The warrant of arrest and the warrant of deportation state that they were issued on the ground that the relator is a Chinese laborer not in possession of a certificate of residence.
Section 6 of the Chinese Exclusion Act of May 5, 1892, as amended by the Act of November 3, 1893 (8 USCA § 287), requiring Chinesd laborers to register, applies only to Chinese laborers then lawfully residing in the United States.
The relator was not then in the United States, nor, in fact, had he been bom at the time that registration was required. His failure to register and procure a certificate of residence therefore does not constitute ground for his deportation. In re Chin Ark Wing (D. C.) 115 F. 412; In re Tam Chung (D. C.) 223 F. 801.

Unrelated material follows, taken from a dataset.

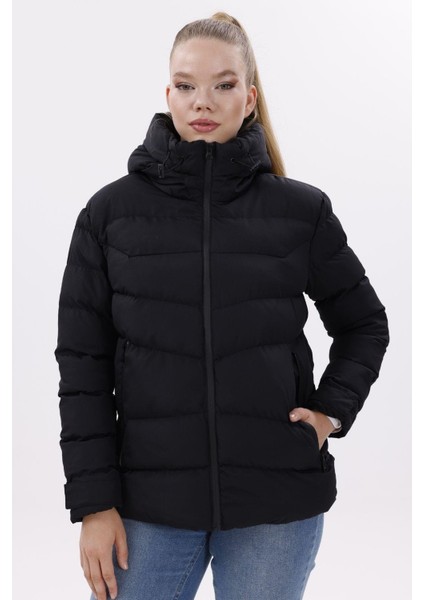 Kadın Kapüşonlu Polarlı Kürklü Su Geçirmez Rüzgara Dayanıklı Şişme Mont Kaban Parka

Before the relator went to China in 1928, there was issued to him, as a Chinese admitted in 1912, a return certificate. This was issued after careful consideration as to his identity.
In 1929, he produced his return certificate and was admitted to the United States.
There are no material discrepancies in the testimony given in 1929 to justify the immigration authorities in concluding that the person before them was not the man who appeared before them in 1928, and, since at that time the question of his identity as the same person who came over in 1912 was decided in his favor, it would seem arbitrary now to reach a contrary conclusion on substantially the same evidence.
In any case, however, these discrepancies and failure to establish identity were not made the basis of the charges which the warrant required him to meet. The writ accordingly must be sustained.